I never anticipated I would be 40 years old and pregnant. But here I am.
Throughout my 20’s and early 30’s, I joked I couldn’t find my biological clock if I tried. Some women clearly hear their clock ticking but I was fairly certain mine was still wrapped in its original packaging, hidden away in a closet.
I was the consummate “Auntie.”I didn’t want kids; I loved everyone else’s and that was enough for me. Especially when I could hand them back over to their parents at the end of the day.
When my younger brother had his first son four years ago, all that changed. Oh boy – the overwhelming emotional whoosh I felt when holding H. made me cry. My biological clock rolled out of the closet and landed squarely at my feet. In that moment, everything changed. I wanted one of my own.
Of course, it’s not that easy, is it? Mother Nature keeps her own schedule and makes her own rules. Taking into account my “advanced maternal age” and moderate but ongoing health issues, getting pregnant was a challenge. I relied on apps, charts and every online forum I could find. I studied book after book all to better understand fertility and ovulation. Some nights I just howled at the moon, hoping for something good to happen. Yet every month: heartbreak.
Every woman trying to conceive (TTC) knows the acronym TWW. Two Week Wait.

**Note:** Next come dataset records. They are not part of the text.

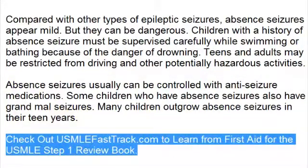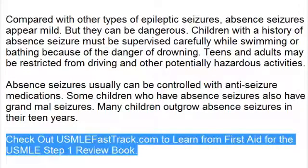For a full USMLE Step 1 review, be sure to check out usmlefasttrack.com. Here you can review the entire First Aid for the USMLE Step 1 with high quality videos and hundreds of detailed pictures for a better understanding of the material. To learn from the best review book, check out usmlefasttrack.com. Thank you.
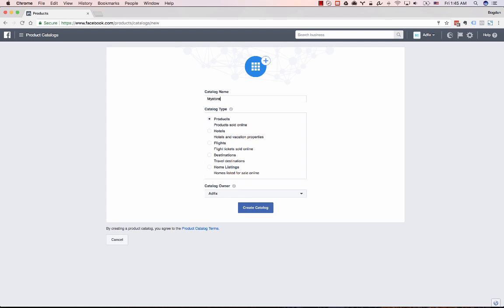Give your catalog a name and select the category type products. Click create catalog.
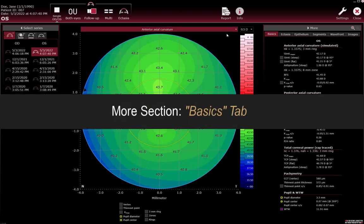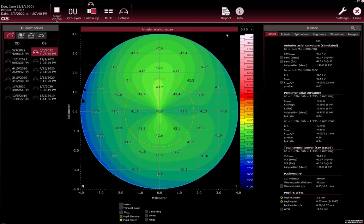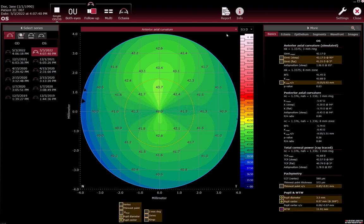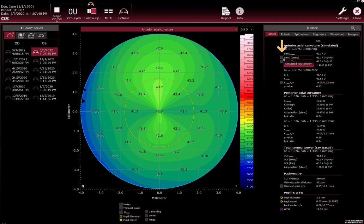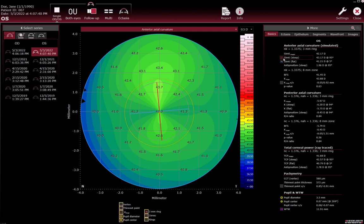In the More section Basics tab, various parameters can be superimposed as overlays on images and colour maps. Select the checkbox next to the overlay. Find the overlay checkboxes next to the parameters on the various tabs in the More section at the bottom of the single OD/OS view. Switch the unit of measure from millimetres to diopters or vice versa by right-clicking anywhere in the window.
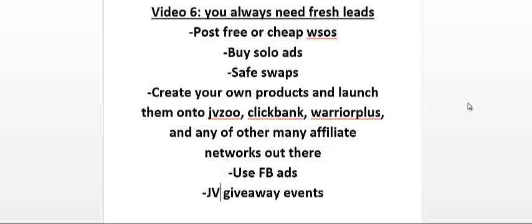Another method I use from time to time is Facebook ads. There's plenty of Facebook ad courses out there, so I recommend you check them out. I'm not going to talk too much about Facebook ads in this video because I'll admit I am not an expert on Facebook ads. I do use it from time to time and I have had success with it, but I still need more experience before I speak more about it.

The unbelievably agonizing period of time between ovulation and menstruation one spends wishing and hoping that fertilization will happen and the little nugget will implant. I had no idea how long two weeks can seem until the months started to endlessly roll by, throwing negative pregnancy tests in their wake.
All the while, I dealt with an ongoing rotation of various medical tests and procedures to measure ovulation, egg reserve, hormones, etc. Ultimately, I learned my diagnosis was not good; my chances of getting pregnant even with fertility treatments were very, very low. I was devastated. I waited too long. My body betrayed me – or maybe I had betrayed it.

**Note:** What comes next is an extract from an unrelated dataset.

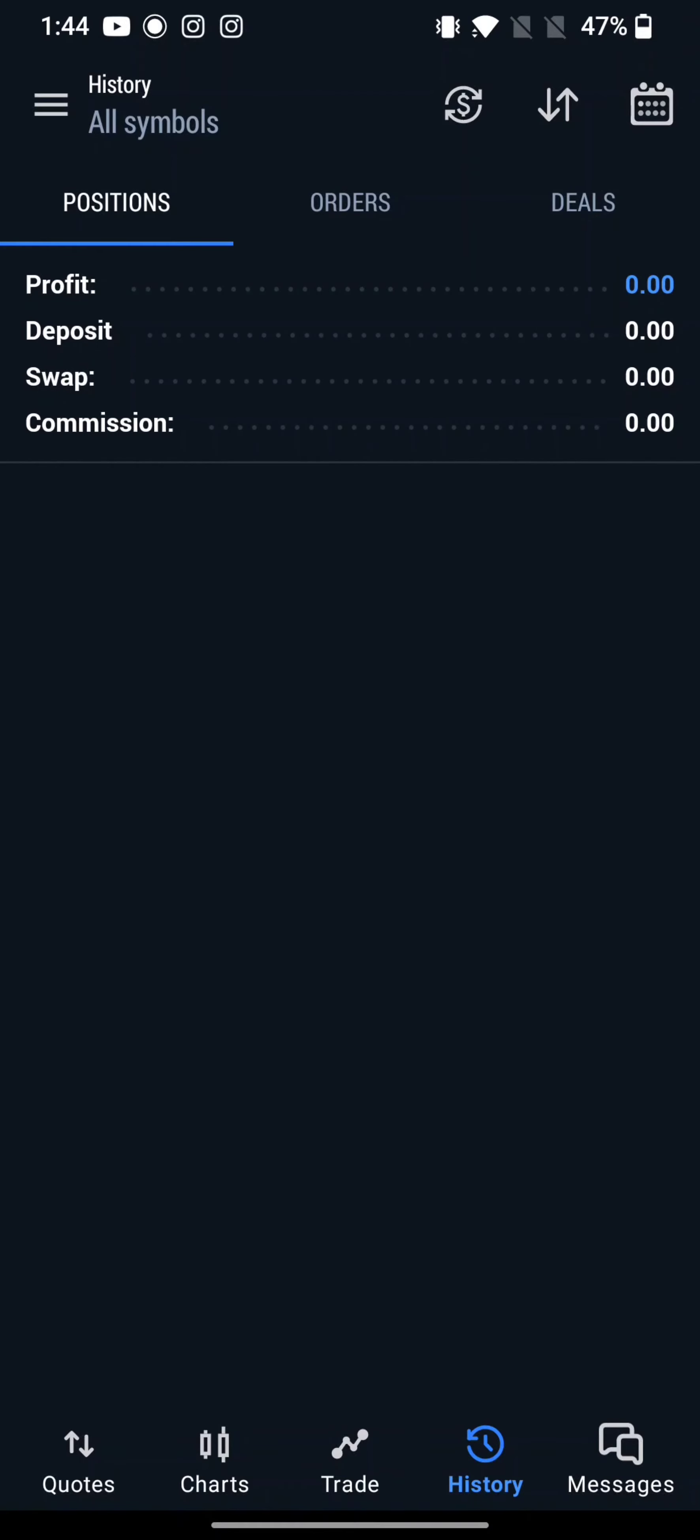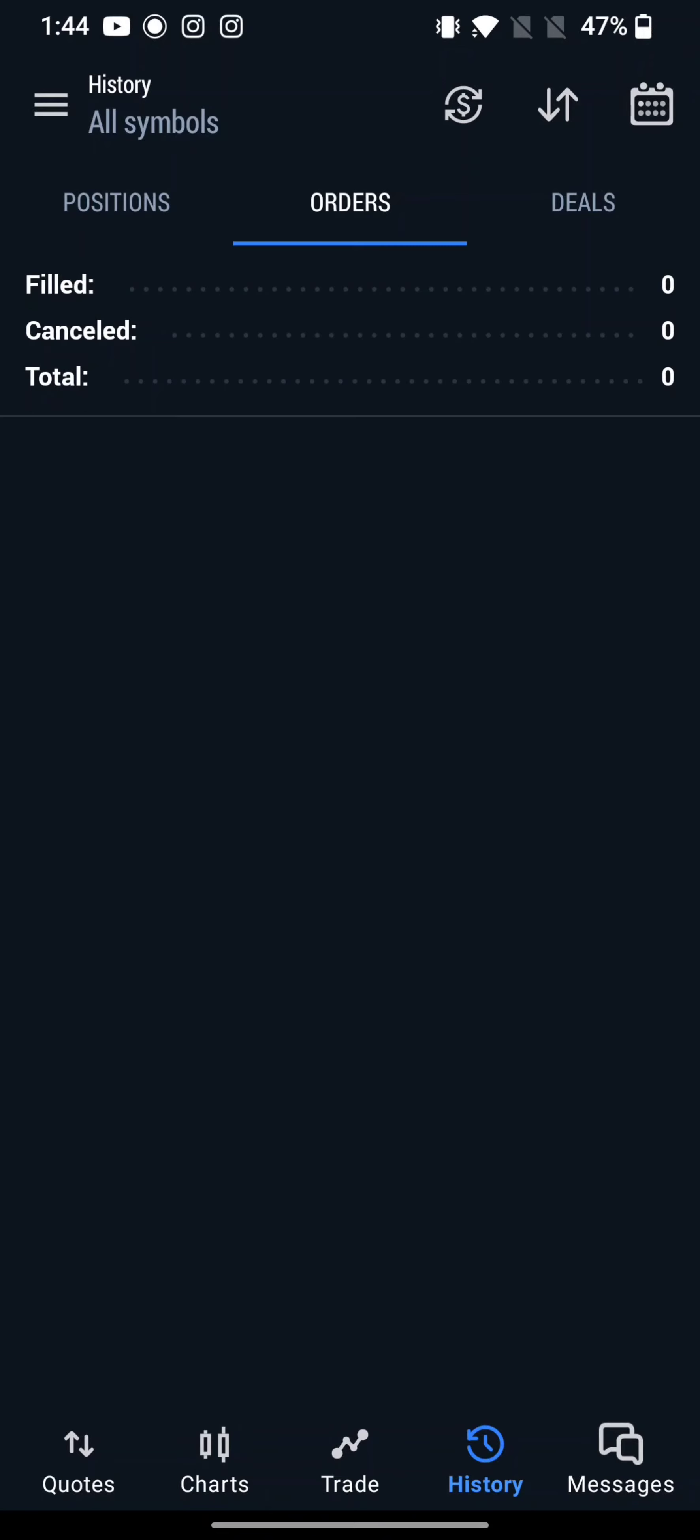...simply swipe left on it and tap on the red delete button. If you have any history, you will be able to see it right here on this page. Since I don't have any history, I am not able to demonstrate, but if you do, you can easily delete history or clear your order history on MetaTrader 5's account quickly and easily in just a few steps.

In November of 2014, we decided to try one last-ditch treatment option. The day I was scheduled to start a new round of blood tests at the fertility center, I felt… different. Instead of heading direct to my appointment at the blood lab, I instead drove to a local pharmacy and bought a 2-pack of pregnancy tests. In my head I thought to myself, This is ridiculous. I’m just going to be crushed when the test is negative. Again.

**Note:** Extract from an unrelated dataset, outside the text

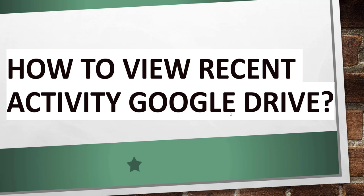Friends, good morning and welcome to the channel. Today in this video I will quickly show you how to view recent activity in Google Drive.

But that day the test was positive. IT WAS POSITIVE. I was pregnant. A spontaneous birth, as my doctor called it – which had nothing to do with spontaneity, really. But luck. Mostly luck. And a roll of the dice in a particular month.
I never thought it could happen – but here I am. 40 years old, 24 weeks pregnant and absolutely euphoric. I secretly suspect it was those many months of moon-howling.